A further critique published in the Journal of Sports Science and Medicine states that the BV of a protein does not take into consideration several key factors that influence the digestion and interaction of protein with other foods before absorption, and that it only measures a protein's maximal potential quality and not its estimate at requirement levels. Also, the study by Poullain et al., which is often cited to demonstrate the superiority of whey protein hydrolysate by marketers, measured nitrogen balance in rats after three days of starvation, which corresponds to a longer period in humans. The study found that whey protein hydrolysate led to better nitrogen retention and growth than the other proteins studied. However the study's flaw is in the BV method used, as starvation affects how well the body will store incoming protein (as does a very high caloric intake), leading to falsely elevated BV measures.

So, the BV of a protein is related to the amount of protein given. BV is measured at levels below the maintenance level. This means that as protein intake goes up, the BV of that protein goes down. For example, milk protein shows a BV near 100 at intakes of 0.2 g/kg. As protein intake increases to roughly maintenance levels, 0.5 g/kg, BV drops to around 70. Pellet et al., concluded that "biological measures of protein quality conducted at suboptimal levels in either experimental animals or human subjects may overestimate protein value at maintenance levels." As a result, while BV may be important for rating proteins where intake is below requirements, it has little bearing on individuals with protein intakes far above requirements.

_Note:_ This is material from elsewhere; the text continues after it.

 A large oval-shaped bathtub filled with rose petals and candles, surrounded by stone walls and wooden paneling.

This flaw is supported by the FAO/WHO/UNU, who state that BV and NPU are measured when the protein content of the diet is clearly below that of requirement, deliberately done to maximize existing differences in quality as inadequate energy intake lowers the efficiency of protein utilization and in most N balance studies, calorie adequacy is ensured. And because no population derives all of its protein exclusively from a single food, the determination of BV of a single protein is of limited use for application to human protein requirements.

Another limitation of the use of Biological Value as a measure of protein quality is that proteins which are completely devoid of one essential amino acid (EAA) can still have a BV of up to 40. This is because of the ability of organisms to conserve and recycle EAAs as an adaptation of inadequate intake of the amino acid.

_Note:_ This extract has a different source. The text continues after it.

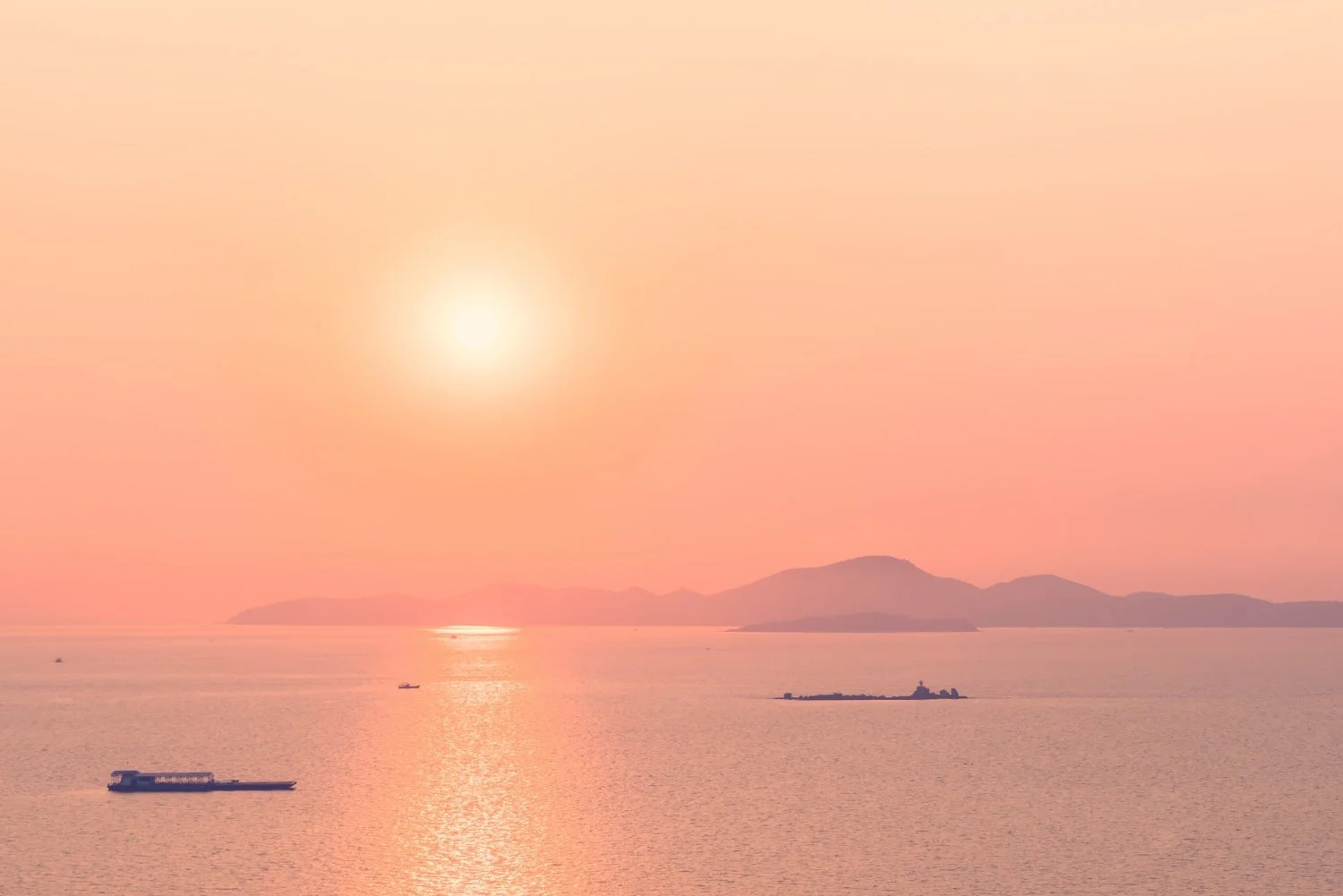 Sunset over calm ocean with mountains in the distance, small ships on the water, pinkish sky.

Lastly, the use of rats for the determination of protein quality is not ideal. Rats differ from humans in requirements of essential amino acids. This has led to a general criticism that experiments on rats lead to an over-estimation of the BV of high-quality proteins to man because human requirements of essential amino acids are much lower than those for rats (as rats grow at a much faster rate than humans). Also, because of their fur, rats are assumed to have relatively high
requirements of sulphur-containing amino acids (methionine and cysteine).

As a result, the analytical method that is universally recognized by the Food and Agriculture Organization (FAO), World Health Organization (WHO), the U.S. Food and Drug Administration (FDA), the United States Department of Agriculture (USDA), United Nations University (UNU) and the United States National Academy of Sciences when judging the quality of protein in the human is not PER or BV but the Protein Digestibility Corrected Amino Acid Score (PDCAAS), as it is viewed as accurately measuring the correct relative nutritional value of animal and vegetable sources of protein in the diet.